The government plans to raise $889m from new taxes this year to contain its deficit. That commitment means the country “should be able to borrow”, says Charles Robertson, global chief economist at Renaissance Capital.
Still, Ghana’s debt level is amongst the highest of any country we look at, and without the backstop of an IMF deal,” Robertson says. It means they need to demonstrate a lot of fiscal restraint.
The slow pace of the consolidation path outlined in Ghana’s budget statement of 12 March leaves Ghana exposed to “risks of fiscal slippage”, according to Fitch Ratings. The budget aims to reduce the fiscal deficit from 13.8% of GDP in 2020 to below 5% by 2024.
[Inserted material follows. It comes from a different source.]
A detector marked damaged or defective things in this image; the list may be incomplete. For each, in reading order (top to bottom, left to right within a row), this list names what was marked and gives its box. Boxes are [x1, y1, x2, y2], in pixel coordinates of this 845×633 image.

Debt levels were already a concern before the Covid-19 pandemic, says Leeuwner Esterhuysen, an analyst at NKC African Economics in Cape Town. Esterhuysen estimates that government debt will rise to 92.1% of GDP this year, up from 86.9% in 2020.
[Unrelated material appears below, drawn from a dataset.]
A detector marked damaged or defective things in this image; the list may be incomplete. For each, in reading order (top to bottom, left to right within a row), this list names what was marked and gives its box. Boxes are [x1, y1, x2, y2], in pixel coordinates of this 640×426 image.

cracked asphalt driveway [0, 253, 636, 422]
Easy financing conditions have made tax collection less urgent in recent years, and Ghana’s government revenue-to-GDP ratio has slipped, Bohlund says. “This trend needs to be reversed.”
In 2019, tax revenue represented 12.2% of Ghana’s GDP, compared with 15.1% in Kenya. That is also behind Zambia, which defaulted on its debt in 2020 and has a five-year average of 18.5%.
With interest costs and the public-sector wage bill absorbing around 90% of government revenue, cutting the budget deficit will depend on increasing tax collection, which tends to be a gradual process, Bohlund says.
This will take the time that Ghana simply does not have, making any turnaround very difficult to envisage.
There is, Fitch, says “a significant risk that public finances could fall short of the goals outlined in the budget, particularly given the government’s lack of a clear majority in parliament.”
The pressure is on for President Nana Akufo-Addo to prioritise improving tax collection in his second term.